Vakti boşa harcadığımız, değerlendirmediğimiz bir vakıa. Malayani şeylerle heba ettiğimiz zamanın arkasından seyredip dururuz. Belki de bizi mahcup edecek hal ve hareketlerimiz olur. Onun için yapılacak iş, evvel emirde şerri def etmek olan günahlardan uzak durmak, her anımızın kayıt altına alındığını, gizli kamera ile tespit edildiğini hiç hatırdan çıkarmamak olmalıdır.
Hata, günah ve isyandan uzak, salih amel, hayır ve güzel hizmetlerle zamanı değerlendirmek akıllıca bir iş olsa gerektir.
Sıhhatin kıymetini bilmek de boş vakti değerlendirmek kadar, belki daha fazla önemlidir. Hasta olmadan, önemli bir derde yakalanmadan sağlığın varlığından haberdar olmak gerektiğini Peygamberimiz (asm) bildiriyor.
Ancak gaflet, dikkatsizlik, önem vermemek, his ve heves gibi haller bu nimetin kıymetini idrak etmeye engel olmaktadır.
Hastaları ziyaret etmek insani bir görev, sevap kazandıran bir vazife, hasta akraba ise, ziyareti sıla-i rahim bir ibadet olması da dikkate değer bir hakikattir.
Ziyaretle hastaya moral verip, gönlünü hoş edip duasını almanın yanında ibret almak da vardır.

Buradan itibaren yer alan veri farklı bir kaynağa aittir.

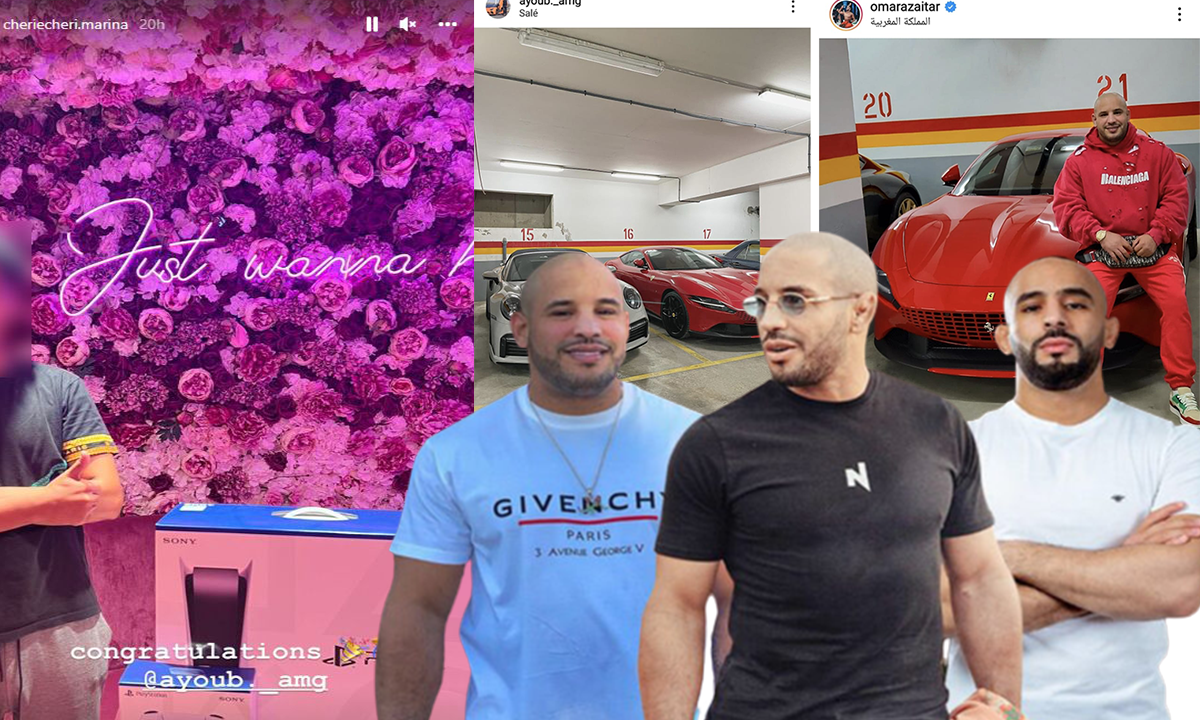 فضيحة | الزعيترات مدورينها غير بيناتهم.. "Tombola" محلات عمر زعيتر مُزيّفة والجوائز منحها باتفاق مُسبق لأصدقائه بعيدا عن تكافؤ الفرص (صور) 1 زعيتر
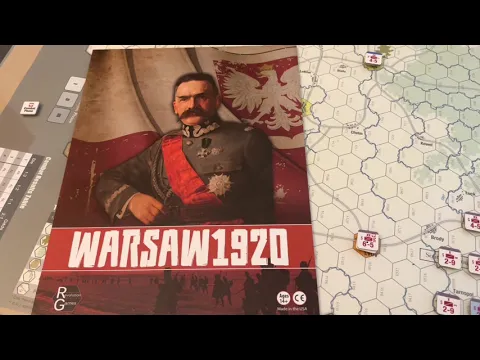 Warsaw 1920 playthrough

Hastaları veya hastaneleri ziyaret etmek, sıhhatin varlığını ve kıymetinin bilinmesini ihtar ediyor
Kur’an-ı Kerim’de verilen nimetler sıkça zikredilir. Bunları verene nazarlar çevrilir. “Kulak, göz ve kalplerinizin sahibi kimdir. Hâlbuki bunlara karşı az şükrediyorsunuz” gibi ikazlarla vücut ve azaları mükemmel çalıştıran Allah’ı tanımak, hayırlı hizmetlerde istimal etmek ve şükrünü eda etmekle vazifeli olduğumuz bildiriliyor.
Hasta, sabretmekle, hastalığın Allah’ın takdir ve nimeti olduğu şuurunda olmakla her dakikası ibadet sayılacaktır. Bu vesile ile kısa ömürde ebedi hayatına hayır ve sevap gönderecektir.
Hasta bakıcı da Allah için hizmetini görünce o da ayrıca dua alacak, Allah’ın rızasını kazanacak ve sevap elde edecektir.
Bu satırları ibret alınacak bir mekânda yazıyorum. Ankara Tıp’ta biraderin cerrahi bir operasyon geçirmesi vesilesiyle bulunuyorum. Hastalıklar çeşit çeşit, desen desen.
Hepsi de ibret alınacak türden. Bunlara bakıp sıhhatin kıymetini anlamamak mümkün mü?
“Allah’ın Resulüne ve âline, hastalıklar ve devaları adedince selam olsun” derken; hastalığı veren, Şafi ismiyle dermanını da halk edenin Allah olduğunu hatırlamış oluyoruz.
Allah bütün hastalara ve hastamıza da şifa ihsan etsin. Âmin.